■ Task brief ■
Copy each record exactly and skip its pictures.

Scraped caption text data:
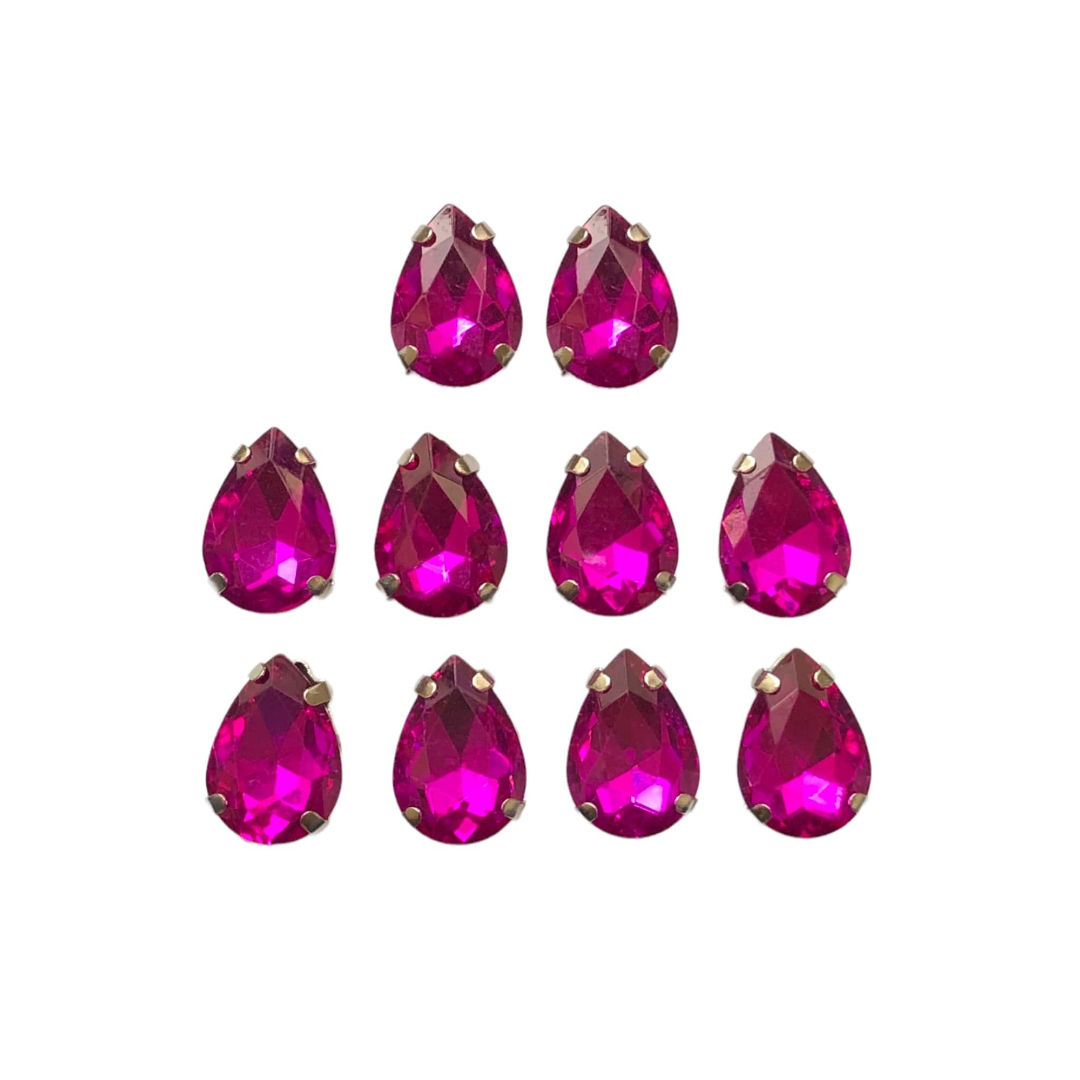 Drop Shape Fuchsia Crystal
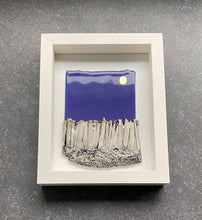 Load image into Gallery viewer, Handmade Irish ceramic wall art titled Ardu with royal blue nightsky and gold accent.
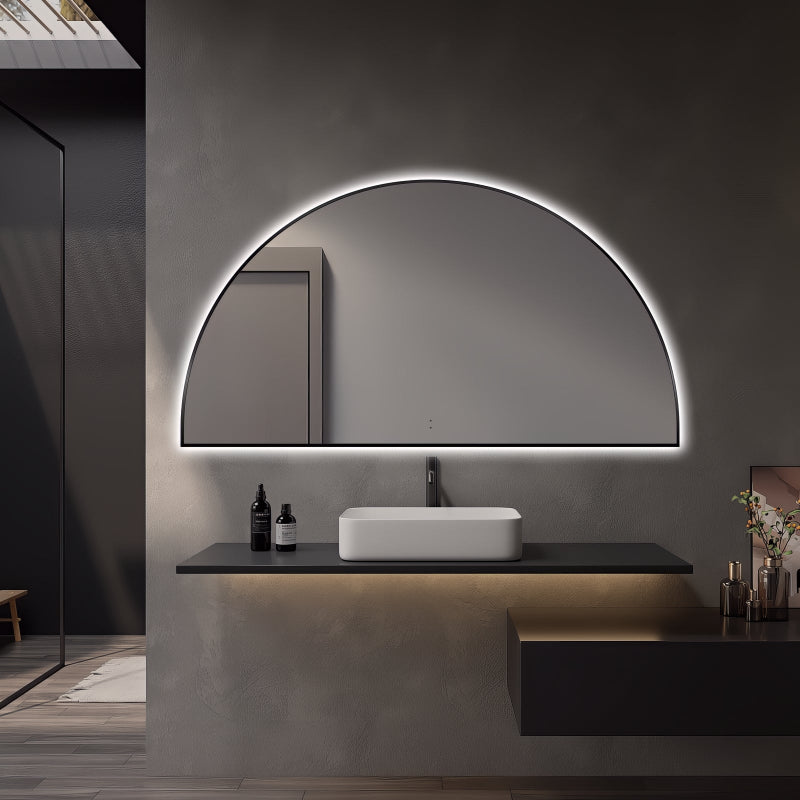 Arched Touchless 1500 x 800 Matte Black LED Mirror - Three Light Temperatures - Acqua Bathrooms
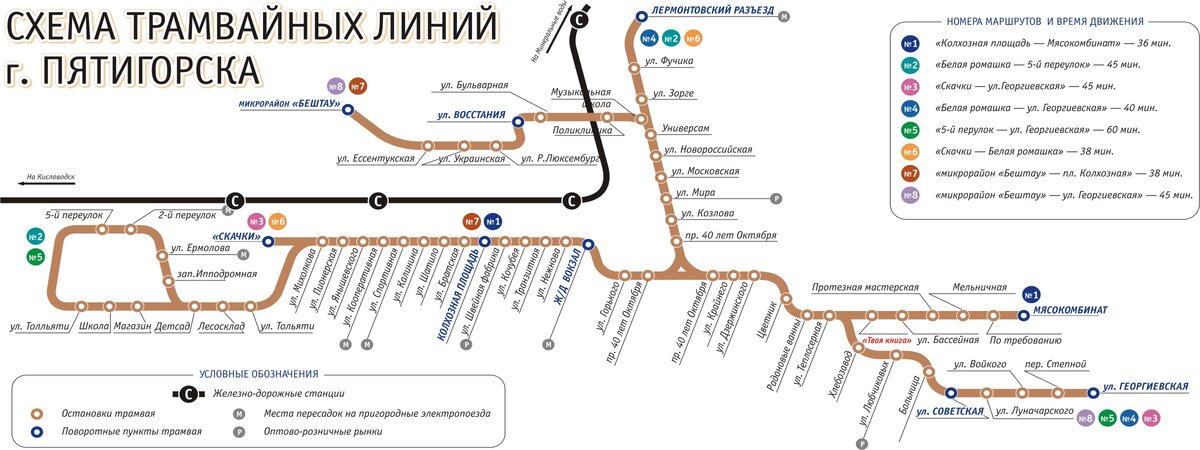 Схема трамвайных маршрутов. До Цветника идут 4-ка и 8-ка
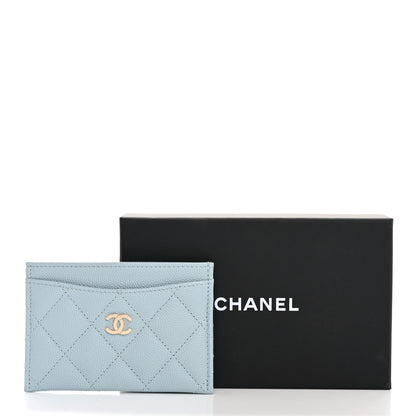 Chanel Caviar Quilted Card Holder Light Blue 12 of 12
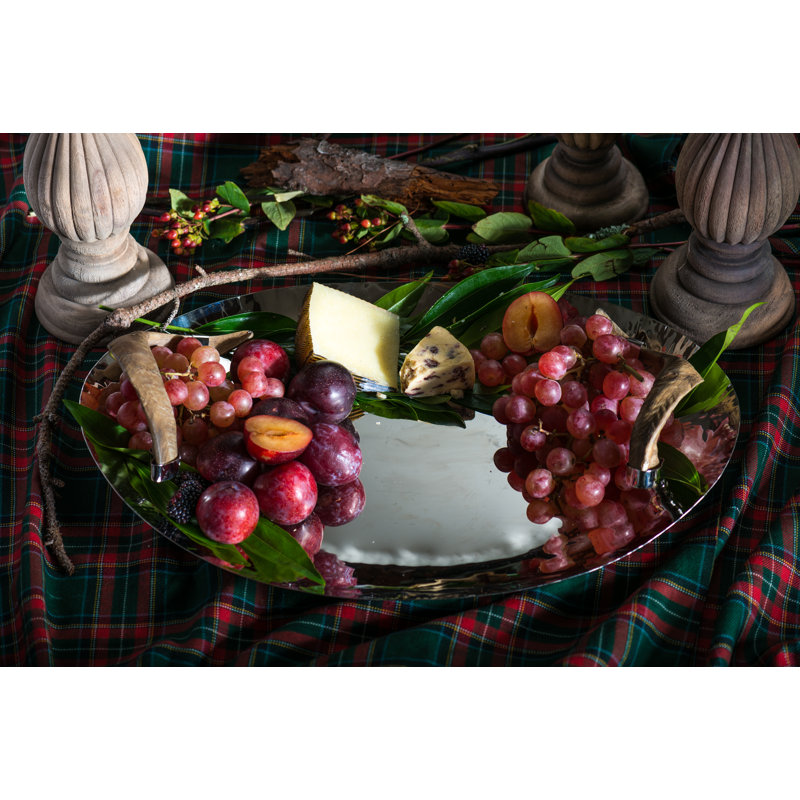 Polished Nickel Tray with Natural Horn Handles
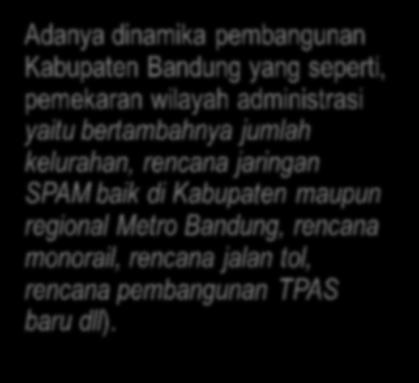 LATAR BELAKANG DILAKSANAKAN REVIEW RTRW (2) Adanya dinamika pembangunan Kabupaten Bandung yang seperti, pemekaran wilayah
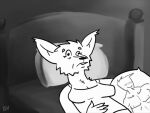  animated anthro bed body_pillow breasts canid canine canis closed_mouth clothed clothing deltav ear_tuft eyelashes female furniture lying lynn_(deltav) mammal mirror neck_tuft nickelodeon open_mouth pillow ren_and_stimpy shadow sitting solo tuft waking_up wardrobe wolf 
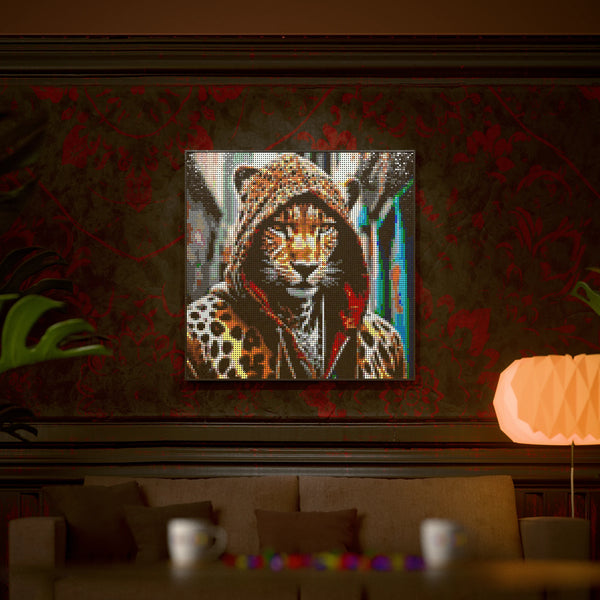 Cheetah in a Hoodie made out of 13,153 LEGO-Compatible bricks on a luxurious home background.
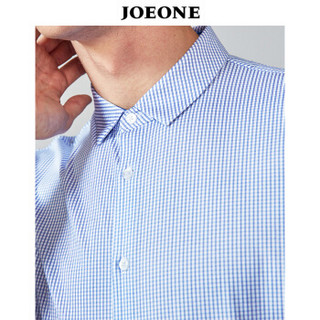 九牧王（JOEONE）男装短袖衬衫2019夏季新款中年商务职业格纹正装上衣JC292442T 蓝格 165/84A[38]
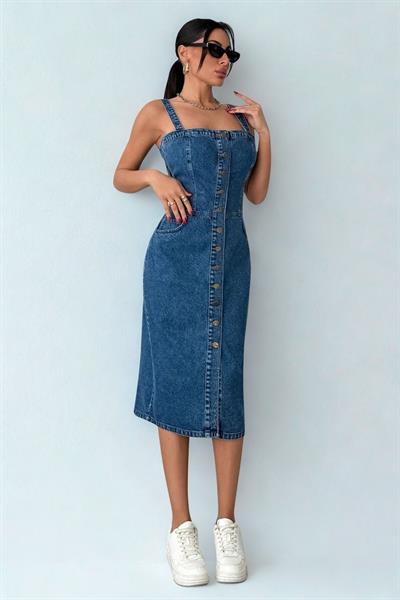 Kadın Düğmeli Midi Boy Kot Elbise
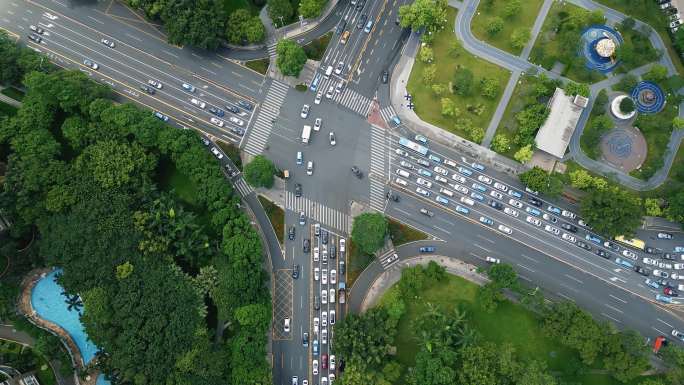 0022_D航拍城市道路十字路口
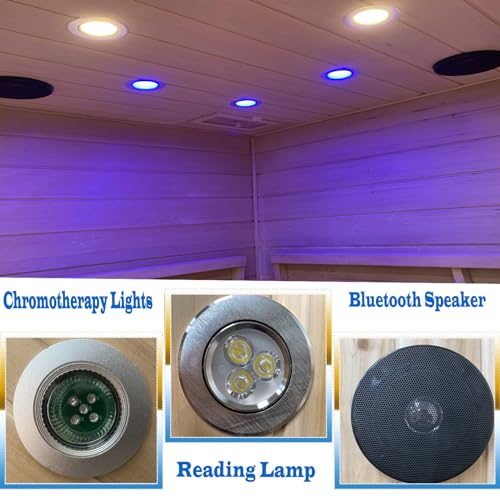 Ceramic Infrared Sauna 2-3 Person Infrared Saunas for Home Low EMF Indoor Home Sauna Spa Hemlock Wooden Corner Sauna Room with Bluetooth Speakers, LED Reading Lamps, Chromotherapy Lights - Image 6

■ Solution for this problem ■
 Drop Shape Fuchsia Crystal
 Load image into Gallery viewer, Handmade Irish ceramic wall art titled Ardu with royal blue nightsky and gold accent.
 Arched Touchless 1500 x 800 Matte Black LED Mirror - Three Light Temperatures - Acqua Bathrooms
 Схема трамвайных маршрутов. До Цветника идут 4-ка и 8-ка
 Chanel Caviar Quilted Card Holder Light Blue 12 of 12
 Polished Nickel Tray with Natural Horn Handles
 LATAR BELAKANG DILAKSANAKAN REVIEW RTRW (2) Adanya dinamika pembangunan Kabupaten Bandung yang seperti, pemekaran wilayah
  animated anthro bed body_pillow breasts canid canine canis closed_mouth clothed clothing deltav ear_tuft eyelashes female furniture lying lynn_(deltav) mammal mirror neck_tuft nickelodeon open_mouth pillow ren_and_stimpy shadow sitting solo tuft waking_up wardrobe wolf 
 Cheetah in a Hoodie made out of 13,153 LEGO-Compatible bricks on a luxurious home background.
 九牧王（JOEONE）男装短袖衬衫2019夏季新款中年商务职业格纹正装上衣JC292442T 蓝格 165/84A[38]
 Kadın Düğmeli Midi Boy Kot Elbise
 0022_D航拍城市道路十字路口
 Ceramic Infrared Sauna 2-3 Person Infrared Saunas for Home Low EMF Indoor Home Sauna Spa Hemlock Wooden Corner Sauna Room with Bluetooth Speakers, LED Reading Lamps, Chromotherapy Lights - Image 6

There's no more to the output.